Found in Bob Priddy’s desk

  • Christopher Garbacz (Professor of Economics @ Mizzou) business card
  • 15 yards of Butler dental floss
  • Iodized salt packet
  • Free medium drink coupon from Hardees (Expiration date Sept. 1996)
  • Cut-up American Express card
  • 3-cent postage stamp
  • Children’s Miracle Network pledge card (dated June 1989)
  • Unused “I voted” sticker
  • Illinois & Baltic Ave stickers from McDonald’s Monopoly game

A) Worst-case survival game pieces; B) Things McGyver needs to make a bomb; C) Things found in Bob Priddy’s desk after he cleaned it out.

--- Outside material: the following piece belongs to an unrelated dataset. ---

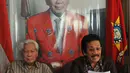 Suhardiman dan Ketua Pusat Koordinator Eksponen Ormas Tri Karya Golkar (EO-TKG) Zainal Bintang mengatakan penundaan Munas Golkar bertentangan dengan AD/ART Golkar, Jakarta, Selasa (2/9/2014) (Liputan6.com/Johan Tallo)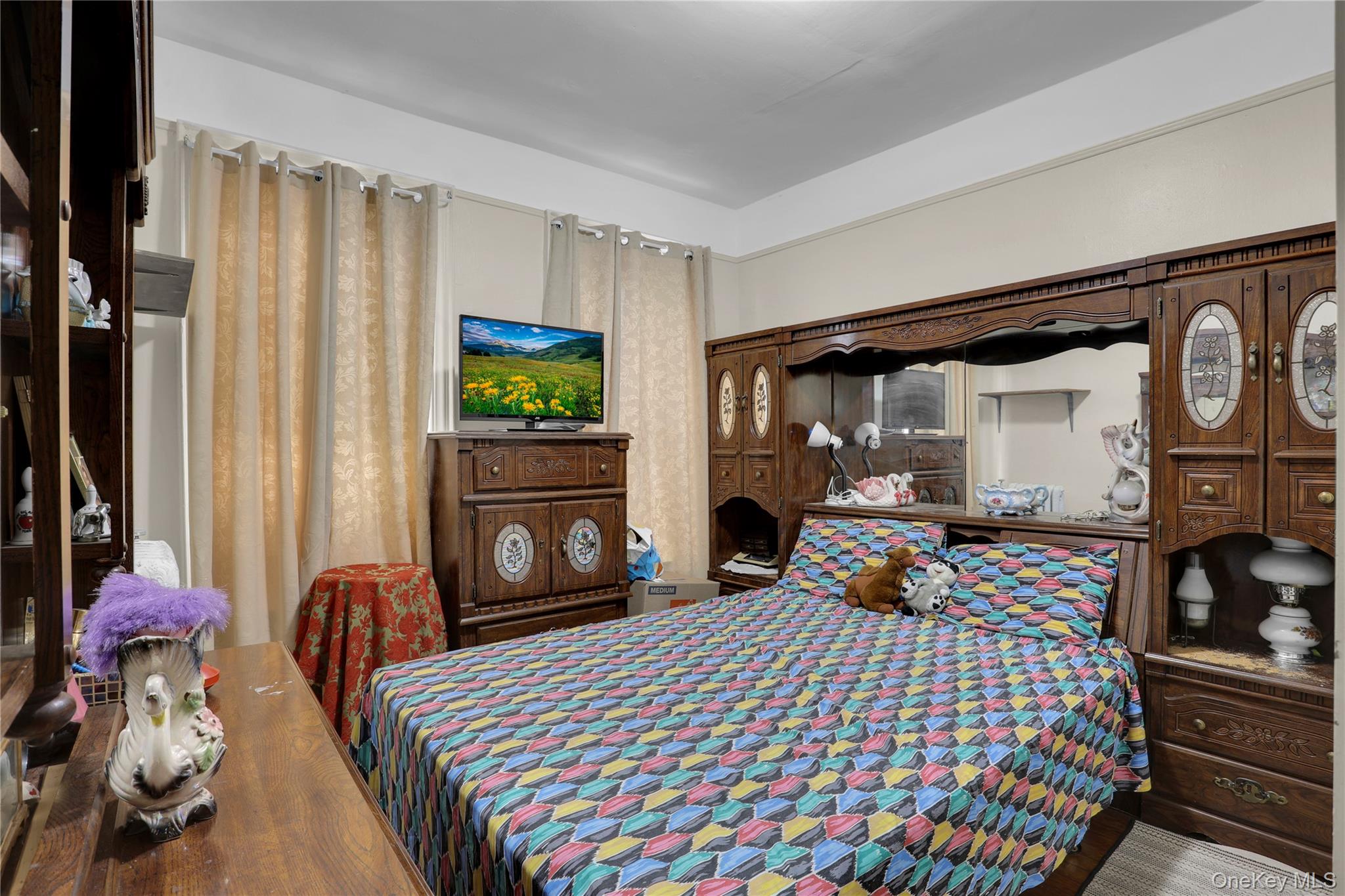 #17 photo, 2161 Walton Avenue, ब्रोंक्स Bronx , NY 10458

This is an inside joke that means zip unless you know Bob Priddy and have seen his desk. Thanks to Andy Rawlings.

Bob Priddy replies:

Any good archaeologist is able to take disparate remains of a culture and weave them into a coherent description of the people who once inhabited an area. The archaeologist is able to determine the approximate age of the inhabitant, the diet, the religious beliefs, and the society of his time. You did not include paper clips, which also were found in abundance and which are a valuable clue. The number of artifacts is also important, but since the site as been disturbed and the paper clips have been removed, an important piece of information will forever be open to speculation. I shall give you a few clews, however, about the person who lived there.

He was a carnivore who did not like bland diets but who took excellent care of his incisors so he could properly tear at the meat that was part of his diet. The latest artifact located is dated September, 1996, indicating that he moved from the area or perhaps died shortly after that (did you check for burial sites?). He loved children, worshipped the God John Maynard Keynes, and felt plastic was Satan’s tool for a corrupt society. Now, you may build the story from there, based on the evidence you have found.